Михаил проснулся от запаха кофе и толчка в бок.
– Подъем, начальник,– крикнул Сергей, врубая песню про зарядку в исполнении Владимира Высоцкого и под его хриплое "… Очень вырос в целом мире гриппа вирус, три, четыре…"– Михаил, сдав назад, прокрутил танк вокруг своей оси пару раз, стряхивая с его башни сугроб. Выскочив на броню, он растер лицо снегом и, вернувшись, красный и взлохмаченный, ткнул Сергея в плечо:
– Освежись, лапоть сельский.
– Я уже,– ухмыльнулся Сергей,– принял душ, пополнил запас продуктов и боезапас. Смотался, короче, в пирамиду. Будить тебя не стал, уж больно сопел сладко.
– Считаешь, что это правильно? Вот так воевать? С душем и свежесваренным кофе? Тепличные условия создаешь себе,– проворчал Михаил, прихлебывая горячий кофе.
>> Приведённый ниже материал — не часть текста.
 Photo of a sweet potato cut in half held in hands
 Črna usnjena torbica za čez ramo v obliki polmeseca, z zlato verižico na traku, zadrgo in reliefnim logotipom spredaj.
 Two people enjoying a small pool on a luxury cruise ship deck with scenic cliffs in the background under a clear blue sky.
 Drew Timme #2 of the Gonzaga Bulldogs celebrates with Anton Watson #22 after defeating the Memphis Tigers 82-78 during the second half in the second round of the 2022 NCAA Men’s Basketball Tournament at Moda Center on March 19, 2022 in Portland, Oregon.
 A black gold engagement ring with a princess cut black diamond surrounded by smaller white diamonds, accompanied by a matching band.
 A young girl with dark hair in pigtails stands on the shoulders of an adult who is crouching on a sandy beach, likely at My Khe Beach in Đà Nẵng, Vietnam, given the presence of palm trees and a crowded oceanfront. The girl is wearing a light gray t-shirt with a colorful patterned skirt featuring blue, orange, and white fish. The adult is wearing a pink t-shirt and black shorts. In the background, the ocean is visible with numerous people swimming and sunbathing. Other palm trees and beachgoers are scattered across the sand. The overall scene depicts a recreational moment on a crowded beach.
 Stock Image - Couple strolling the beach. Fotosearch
– Нет, я сейчас возьму винтовку Мосина, накручу обмотки и сяду задницей в сугроб. Если ты считаешь, что это лучше, то флаг тебе в руки, вперед. А я сзади проедусь и на видео сниму,– Сергей включил дисплей и принялся осматриваться.– Во, немчура, прямо подвиг совершают. Дорогу расчистили – загляденье. Хоть в три ряда шуруй. Приспособили КВ и снегопад им ночной по барабану. Выросли их дорожники в моих глазах за ночь на голову. Тебе шлепать с винтовкой по такой трассе будет одно удовольствие, заранее за тебя рад. А вот интересно, как немцы среагируют на тебя в обмотках?
– Нормально среагируют. Пристрелят на хрен. Только не дождешься. Я не это имел в виду, а душ.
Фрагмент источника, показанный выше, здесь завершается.